Captioned web images:
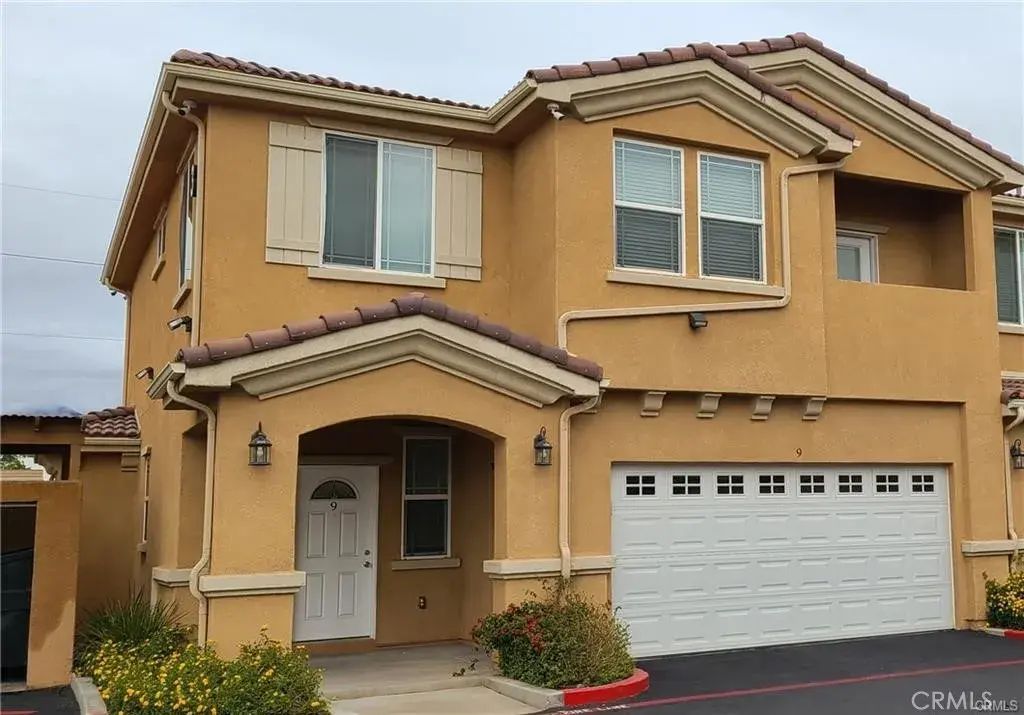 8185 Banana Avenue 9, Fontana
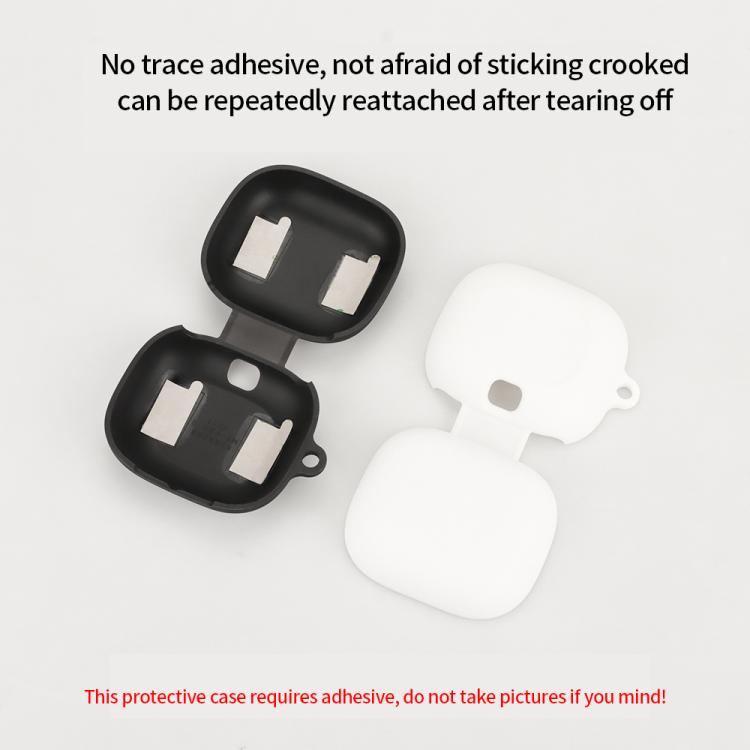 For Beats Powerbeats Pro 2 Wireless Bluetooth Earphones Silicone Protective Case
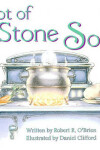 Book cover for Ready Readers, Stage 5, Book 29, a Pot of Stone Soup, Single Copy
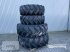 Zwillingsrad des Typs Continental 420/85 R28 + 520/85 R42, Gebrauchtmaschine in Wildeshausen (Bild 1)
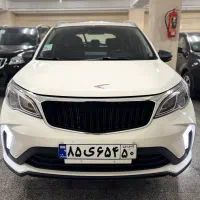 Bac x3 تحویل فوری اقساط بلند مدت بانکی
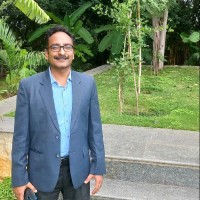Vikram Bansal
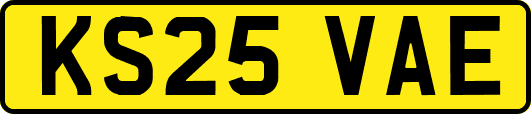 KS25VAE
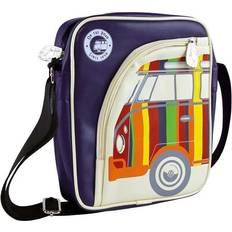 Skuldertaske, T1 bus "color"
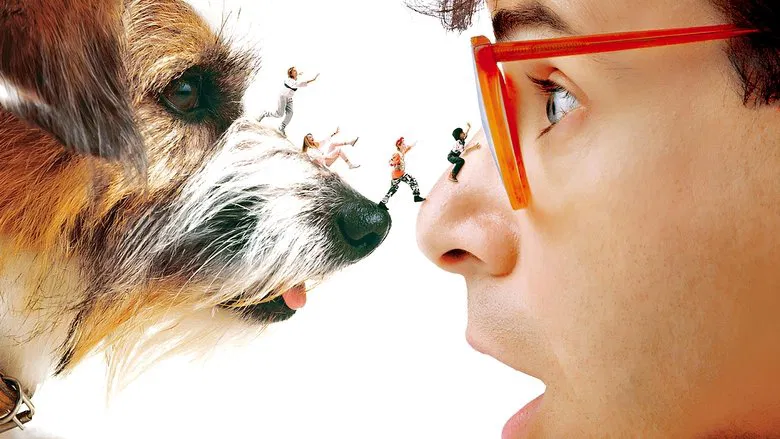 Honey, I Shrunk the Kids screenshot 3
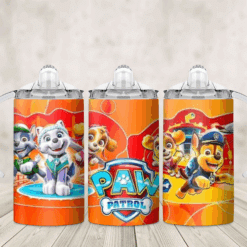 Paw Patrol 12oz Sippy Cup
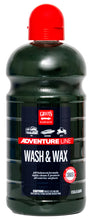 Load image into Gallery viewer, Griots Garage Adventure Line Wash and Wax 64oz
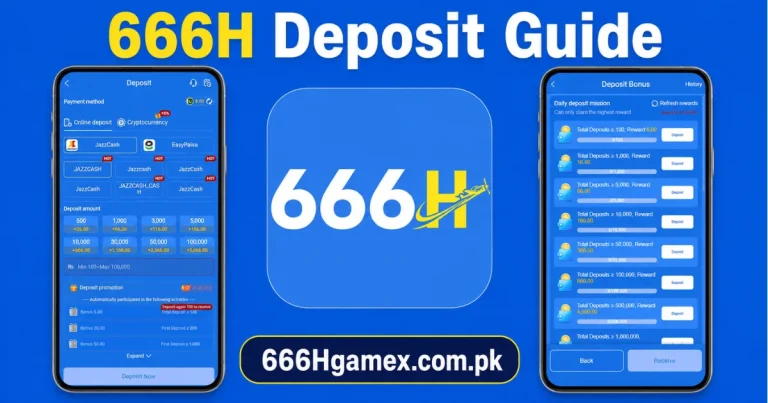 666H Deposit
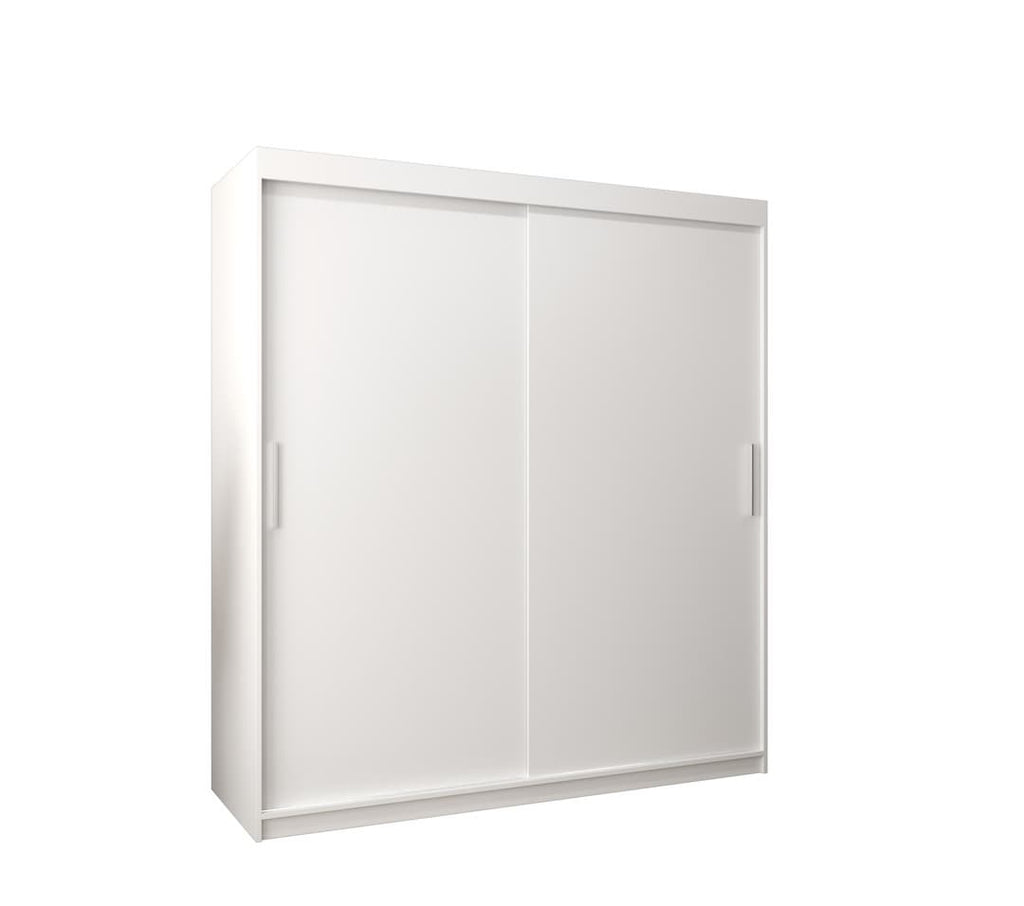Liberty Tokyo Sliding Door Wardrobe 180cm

## TASK DIRECTIONS:
Transcribe only the lines above that start at the line containing "Book cover for" and end at the line containing "666H Deposit". Omit pictures.

## PROBLEM SOLUTION:
 Book cover for Ready Readers, Stage 5, Book 29, a Pot of Stone Soup, Single Copy
 Zwillingsrad des Typs Continental 420/85 R28 + 520/85 R42, Gebrauchtmaschine in Wildeshausen (Bild 1)
 Bac x3 تحویل فوری اقساط بلند مدت بانکی
Vikram Bansal
 KS25VAE
 Skuldertaske, T1 bus "color"
 Honey, I Shrunk the Kids screenshot 3
 Paw Patrol 12oz Sippy Cup
 Load image into Gallery viewer, Griots Garage Adventure Line Wash and Wax 64oz
 666H Deposit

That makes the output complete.